In this dojo, we are going to build a small Twitter client using the reactive loop pattern.

Our client will display a live feed of tweets with simple filtering abilities. It will also asynchronously highlight semantic entities (places, people, etc) and allow adding tweets to a “pinned” list.



First install the dependencies (you have NodeJS, right?):

$ npm install

Then start the local file server:

$ npm run start

Optionally, you can also run the watch script separately to get LiveReload:

$ npm run watch

You should be ready to go, just hit and get coding!


Open the app.js file in your favourite editor.


  1. The code is written in ES6, if anything is unclear check the docs or ask questions!
  2. Constants or functions whose name ends in $ (e.g. tweets$) denote observable streams, as a convention.

1. Live feed

Let's start by displaying a live stream of tweets in the Timeline.

You can see in the view function that we call the getTweetStream$ function to get a stream of tweets (Note: each element in the stream is an Array of tweets, not a single tweet!). This stream is passed to the columnsComponent, which itself passes it to the columnComponent.

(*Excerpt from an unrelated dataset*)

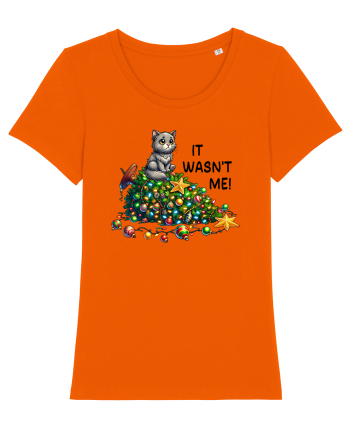 de Crăciun cu pisici rebele - It was not me Bright Orange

First, replace the dummy definition of tweetList$ with one that renders the tweets$ (see TODO [#1a]). This should make tweets appear under your Timeline.

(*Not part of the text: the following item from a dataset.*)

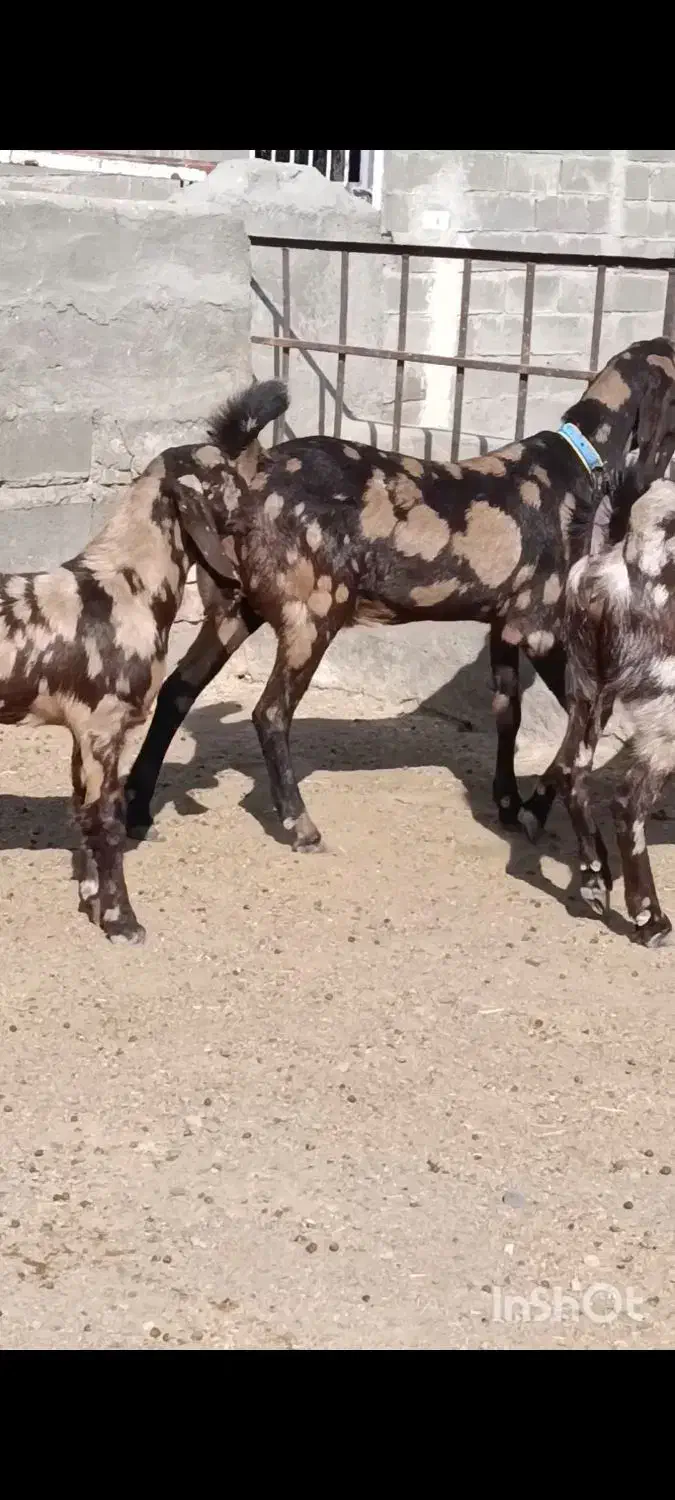 دو راس بز پاکستانی 40خال اصیل درشت|حیوانات مزرعه|تربت جام, جامرود|دیوار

Then, refactor the tweetElement function to use the more complete markup (see TODO [#2b]). This should make tweets look nicer as in the screenshot above.

2. Feed filters

At the top of the page, a form (filtersComponent) is displayed with two input fields:

  1. A filter query
  2. An option to exclude @-replies

The components export their respective models as streams (query$ and exclReplies$). These are also references in the main view function under constants of the same name.

Change the dummy definition of filteredTweets$ in the main view function to apply the query$ and exclReplies$ filters (see TODO [#2]). Once done, you should see the Timeline change when using the filters.

3. Pinned column

We want to be able to pin any tweet from the Timeline by clicking it. Pinned tweets should appear in the Pinned column, most recently added first.

First, in the columnComponent, let's update the view$ function to push the tweet object of any tweet element clicked onto the activate$ stream (see TODO [#3a]). This is exposed as the activate$ extent, which for the timeline is translated to the pin$ intent on the columnsComponent.

Define pinnedTweets$ in terms of the pin$ intent (see TODO [#3b]). Once completed, clicking a tweet in the Timeline column should make it appear in the Pinned column.

Then, update the pinnedTweets$ definition to also include the unpin$ intent (see TODO [#3c]). Once completed, clicking a tweet in the Pinned columns will make it disappear.

4. Entities highlighting

Real web hipsters are also semantic nerds (believe me). So let's highlight semantic entities in the tweets, using an external API to do the entity extraction.

The analyseEntities$ takes a string and returns a list of entities asynchronously, as a stream. Call this function on each tweet before rendering it (see TODO [#4a]). Then pass the returned entities as second parameter to the tweetElement function and use them to highlight the words in the tweet (see TODO [#4b]).

5. Drag to pin

Use the mousedown, mousemove and mouseup events as streams to allow dragging tweets from the Timeline to the Pinned column to pin them.